With a $2.6 million grant from the Federal Emergency Management Agency, the Montana Department of Natural Resources and Conservation has launched a multi-year effort to update floodplain maps and assess levees along the Clark Fork and Bitterroot rivers and Rock Creek.

“It’s a pretty large project and will take several years to complete,” said Tiffany Lyden, a mapping outreach specialist for the DNRC. “We’re kicking off the project with presentations to explain the process, requirements and timeline.”

The DNRC plans to have draft maps ready for public review and comment by early 2022, and complete the project by 2023, Lyden told Missoula City Council members.

A collaborative effort between FEMA, the DNRC, the city of Missoula and Missoula and Granite counties, the process includes surveying and measuring topography; marking locations of culverts, bridges and road crossings; determining how much water would flow through the area during floods; calculating where water would likely go during a flood, and then compiling it all into maps.

“Simply put, an area shown to be underwater during a flood is considered the regulatory floodplain,” said Nadene Wadsworth, a floodplain outreach specialist for the DNRC. “The information and maps are used by emergency responders, the insurance industry, community planners, developers and mortgage lenders.”

As part of the effort, the DRNC will also be reviewing, certifying and accrediting levees, known to FEMA as “flood risk reduction systems," and defined as “a manmade structure, usually an earthen embankment, designed and constructed in accordance with sound engineering practices to contain, control or divert the flow of water so as to provide protection from temporary flooding.”

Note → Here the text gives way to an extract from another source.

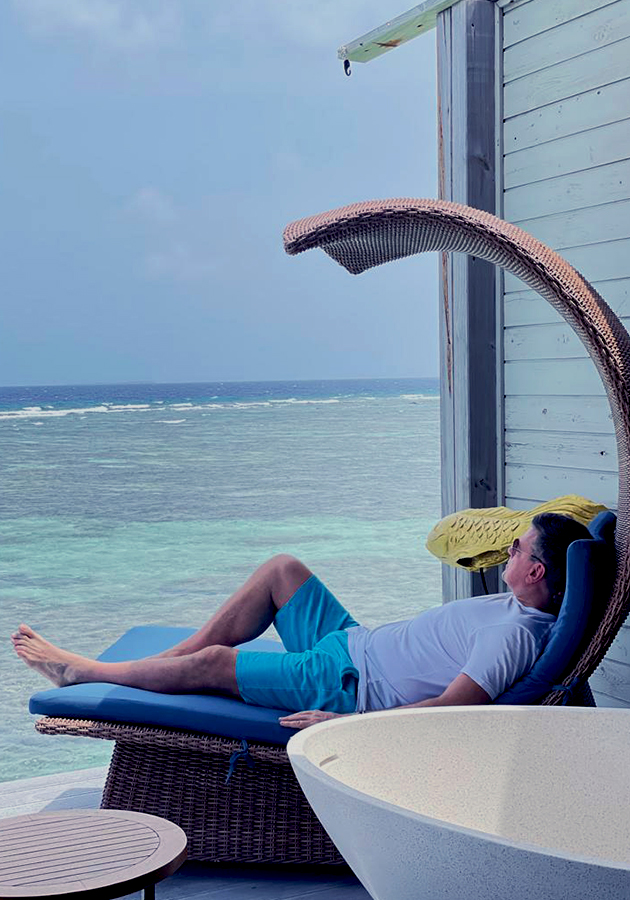 Константин Андрикопулос рассказывает об идеальном путешествии в Mӧvenpick Resort Kuredhivaru Maldives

The floodplain mapping and levee review are required by the National Flood Insurance Program, created by Congress as part of the National Flood Insurance Act of 1968, to provide communities with incentives to reduce flood risks and related emergency response costs. 

The program offers government flood insurance to property owners in participating communities to insure against losses from flooding for existing buildings. In return, participating communities are required to adopt land use and control measures, with effective enforcement provisions, to reduce flood risk and damage by restricting development in areas prone to flooding.

Although part of the Clark Fork River map was updated after the removal of the Milltown Dam in 2008, most of the mapping is based on “pretty old data,” Lyden said. “There’s been no comprehensive studies done since the 1980s. We need to bring it up to current times. Not only do rivers change, but we also have better, improved methods and technology to gather and compile data.”

According to Missoula Mayor John Engen’s office, there are 4,857 residential units, with 10,200 residents, living within 150 feet of flowing water in the city of Missoula. In the past 10 years, more than 300 residential units, with nearly 640 residents, have moved into areas adjacent to streams and rivers.

“As our city grows, we are seeing increases in requests for development close to ditches, creeks and rivers,” Engen said. “Floodplain studies to replace our existing, outdated floodplain maps are critical to foster smart development and encourage growth in a manner that maintains the integrity of our waterways and riparian areas while protecting the safety of life and property located along the water’s edge.”